Fear, through brutal action against civilian, and when possible, military targets, has emerged as the most potent weapon being used by militant forces including the Taliban in Afghanistan and Pakistan; the same is true for Iraq and now ISIS is deploying the similar tactics across the Middle East. The fight has moved from open battlefield positions to inner urban spaces that restrict the possibility of deployment of heavy weapons, armour and aerial bombing as in classic warfare. Today, the chances of countries going to classic battle engagement are minimal, but military posturing between countries is going to remain a strong diplomatic weapon. China’s military build-up is geared towards optimising this strategy rather than seeking any real territorial gains outside its various disputed territories.
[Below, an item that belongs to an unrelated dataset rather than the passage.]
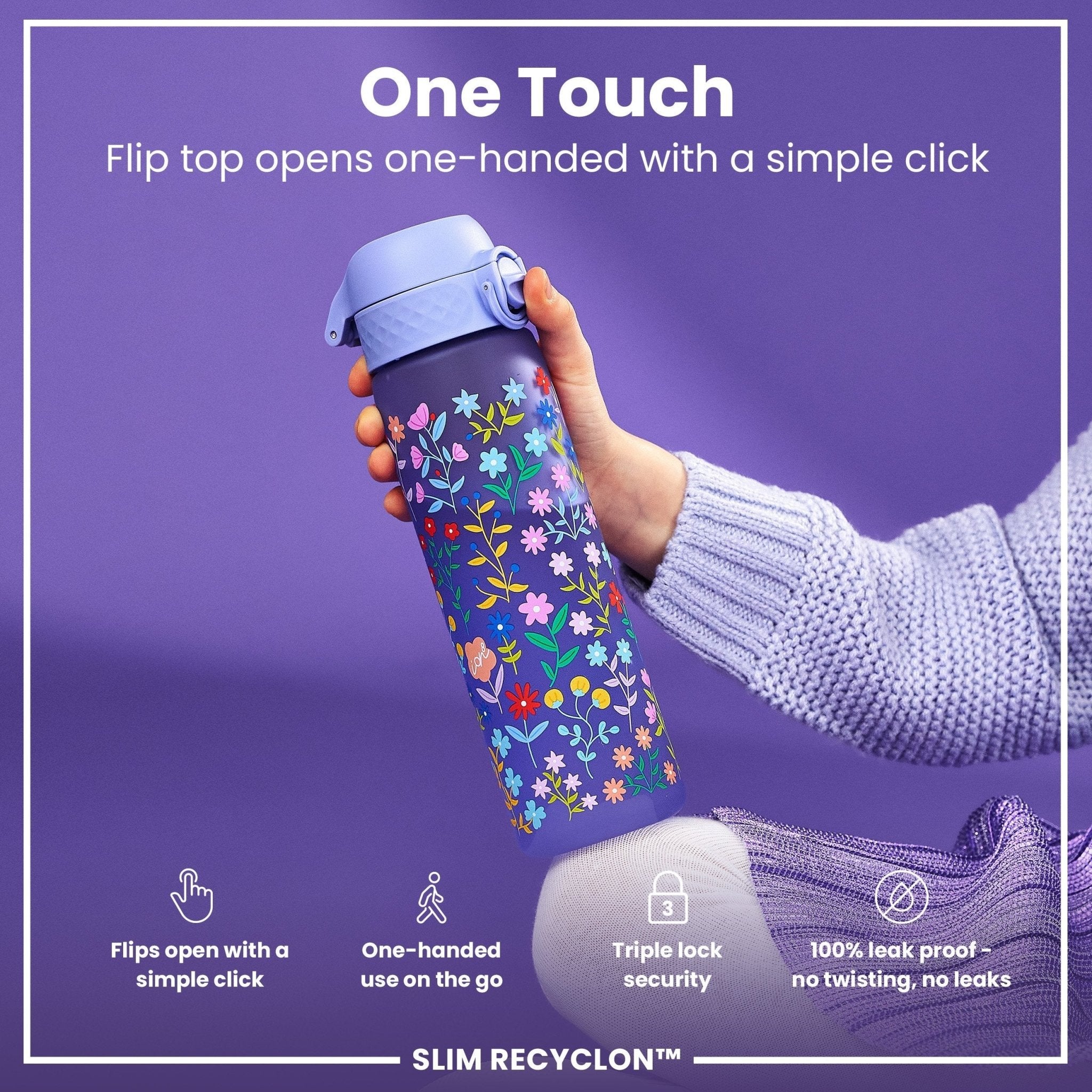 Recyclon Leak Proof Slim Water Bottle by ION8 with Ditsy Floral design, 500ml (18oz) plastic water bottle on white background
Weapons Need Realignment with Emerging Conflicts
With this backdrop, the chances of an all-out military war seems unlikely, which brings up a series of questions – should India really be investing in heavy and capital intensive weapons and blocking scarce resources that the country needs to continue its civilian growth momentum? And does India really need to maintain such a large defence force? Would it not be prudent for India to realign its forces towards being smaller, better trained for urban warfare and better equipped?
Since Gulf War 1, the shift in military strategy and weapon deployment has been towards the infantry with active support from the air. The new rules of engagement has seen the emergence of C4I (Command, Control, Communications, Computers and Intelligence) and drone technology as the new game changers. The reliance on piloted fighter aircraft will continue to diminish, while pilotless offensive planes will continue to evolve both in technology and deployment.
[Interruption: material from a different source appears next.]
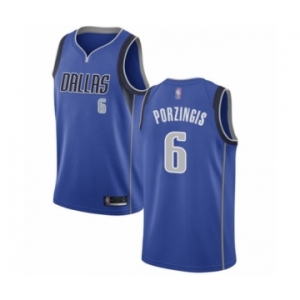 Men's Dallas Mavericks #6 Kristaps Porzingis Swingman Royal Blue Basketball Jersey - Icon Edition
Is India really prepared for conflicts of tomorrow?
So, does India really need a massive arsenal of say tanks, fighter aircraft, long range missiles and multiple rocket launchers, when offensive drones can effectively and accurately fulfill the same objective? Should India continue to invest massive resources in manufacturing/procuring fighter aircrafts or should it invest in developing more ‘offensive drones’ that can be deployed along with powerful ‘Directed Energy Weapons’, which could fulfill defensive or offensive roles?
India has and will continue to play an important role in the Indian Ocean but that will be mostly restricted to ensuring the sea lanes remain open. So where is the real threat expected from? While China is developing its aircraft carrier technology and expanding its ‘sea control’ capability, it does not see itself as a global policeman nor does it want to compete with the U.S. but would like to remain prepared to protect its commercial interests overseas. And should it turn aggressive in doing so, the advent of drone technology along with advancing satellite capability can adequately monitor and intercept any such threat, as and when it may occur. The same is true for submarines. With emerging technologies, it will become increasingly difficult for submarines to be able to operate undetected.
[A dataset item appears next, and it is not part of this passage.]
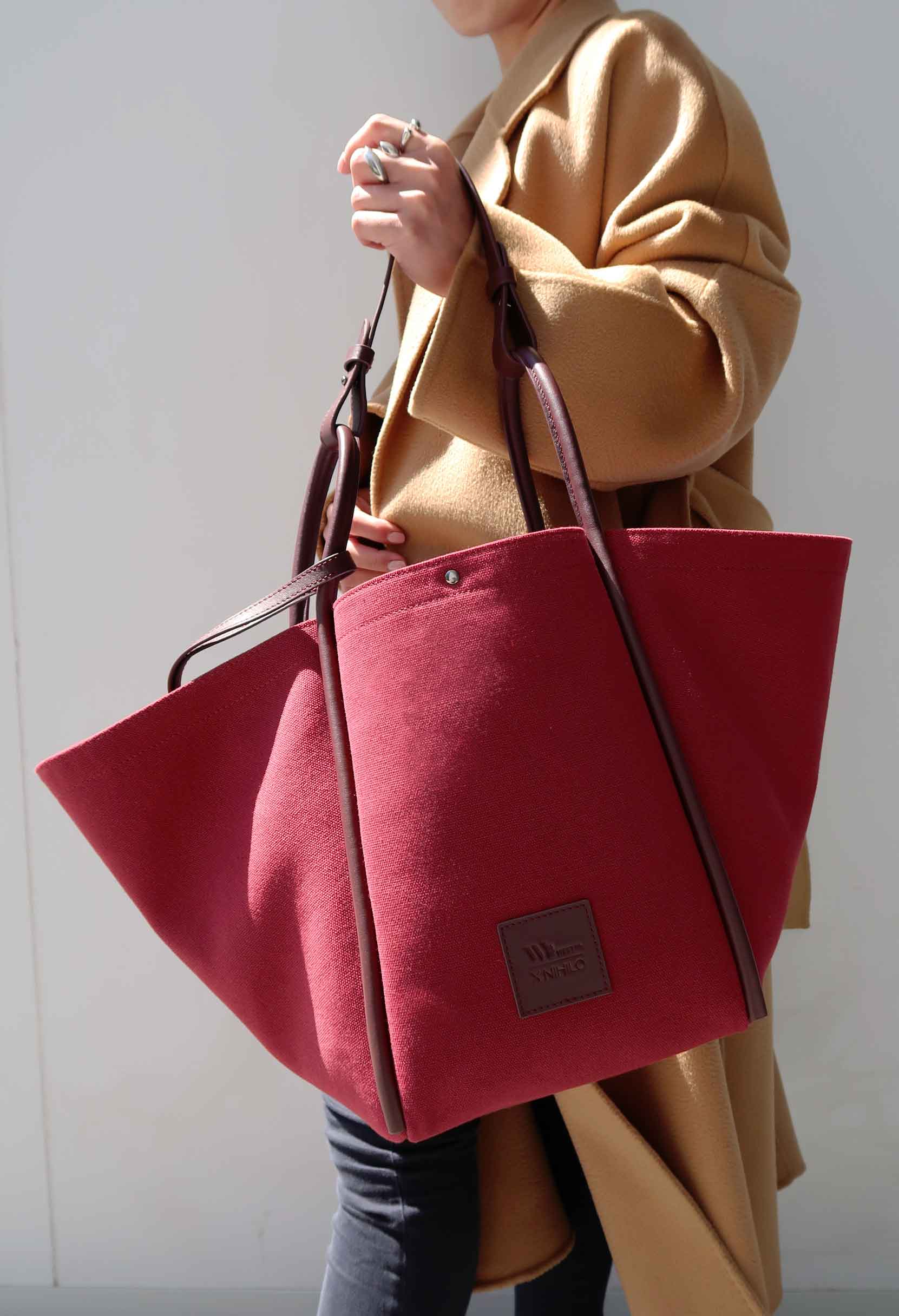 Fifth Avenue Tote Shoulder Bag Burgundy Canvas Leather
So should India be pursuing a ‘catch-up’ policy with China by focusing on developing capital intensive equipment like fighter aircrafts, aircraft carriers, submarines and missiles, when the possibility of ever deploying these is minimal? Or should it invest on developing strategic and lethal pilotless weapons in all three theatres i.e. land, sea and air and integrate the same through effective cutting edge C5I technology with minimal human intervention?
The new paradigms of warfare will require less but effective deployment of boots on the ground; therefore, India needs to seriously review its potential role in future conflicts and whether it can and whether it should continue to maintain such a large force, especially the Army. ‘Make in India’ is good, but ‘Make it Smarter’ will be even better.